→ Exercise instructions
Starting at the line with "Lake view penthouse", return every line through the final one of the data, word for word. Pictures stay out.

→ Data provided
- - - -
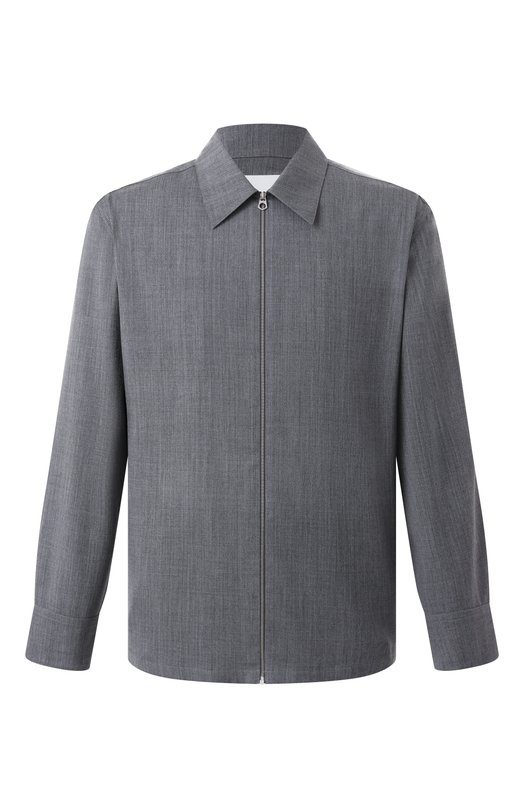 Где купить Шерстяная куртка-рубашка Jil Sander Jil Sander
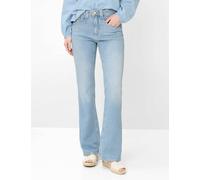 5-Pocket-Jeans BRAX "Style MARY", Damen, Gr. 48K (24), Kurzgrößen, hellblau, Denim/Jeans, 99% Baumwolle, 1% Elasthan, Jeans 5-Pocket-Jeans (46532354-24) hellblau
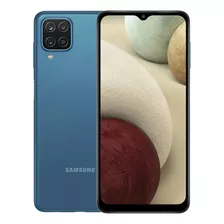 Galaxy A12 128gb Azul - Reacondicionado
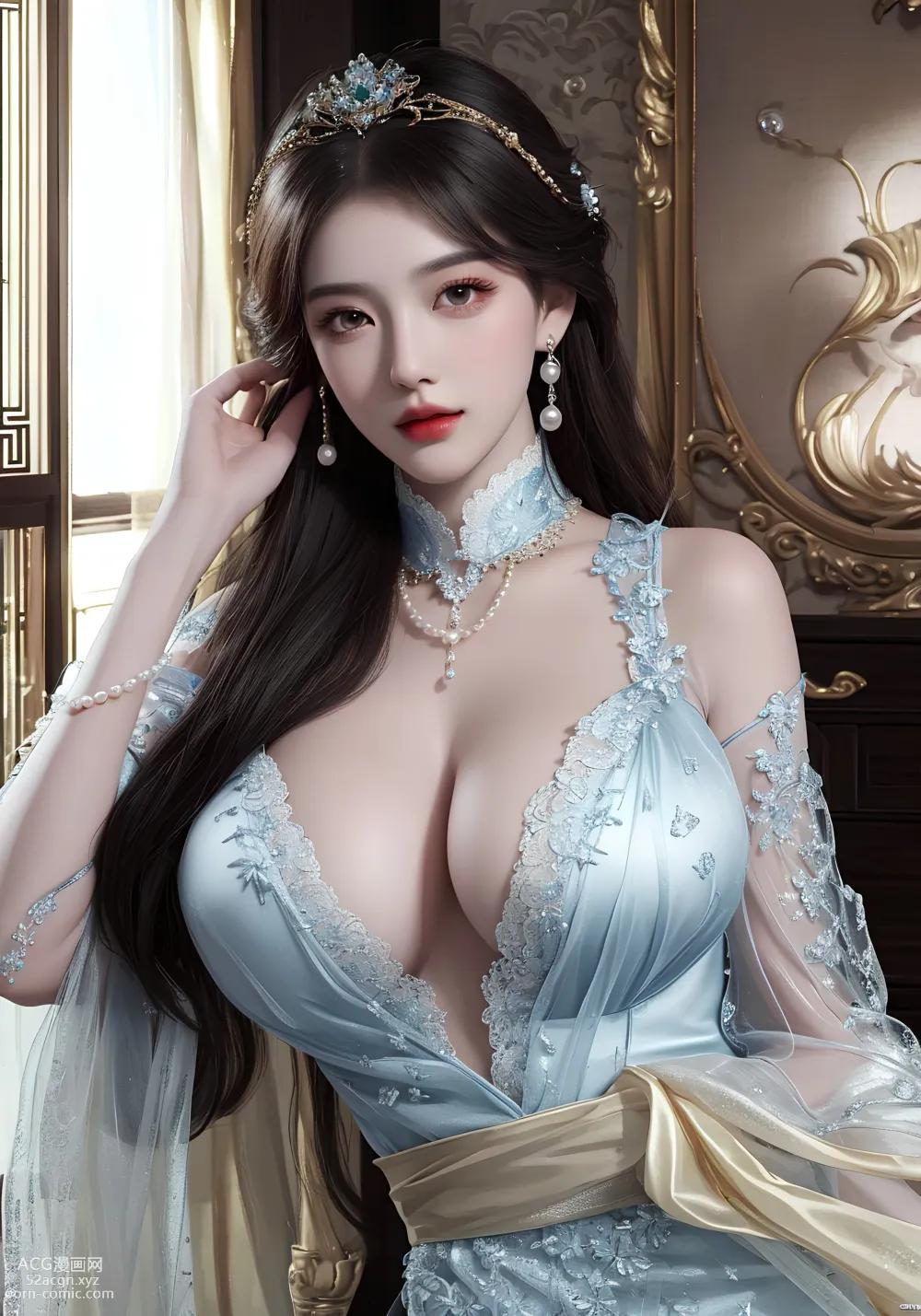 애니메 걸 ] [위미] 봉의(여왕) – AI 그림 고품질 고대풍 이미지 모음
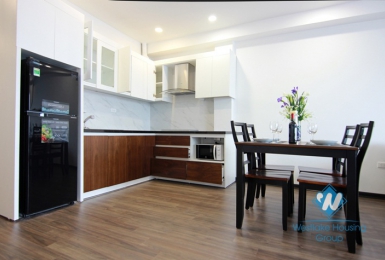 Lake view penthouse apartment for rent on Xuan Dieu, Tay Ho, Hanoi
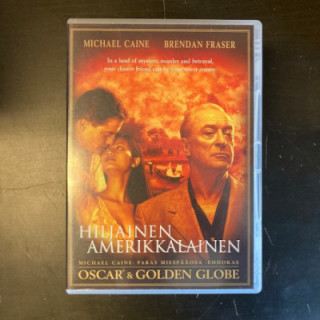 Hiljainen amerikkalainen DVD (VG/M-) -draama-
- - - -
→ Exercise solution
 Lake view penthouse apartment for rent on Xuan Dieu, Tay Ho, Hanoi
 Hiljainen amerikkalainen DVD (VG/M-) -draama-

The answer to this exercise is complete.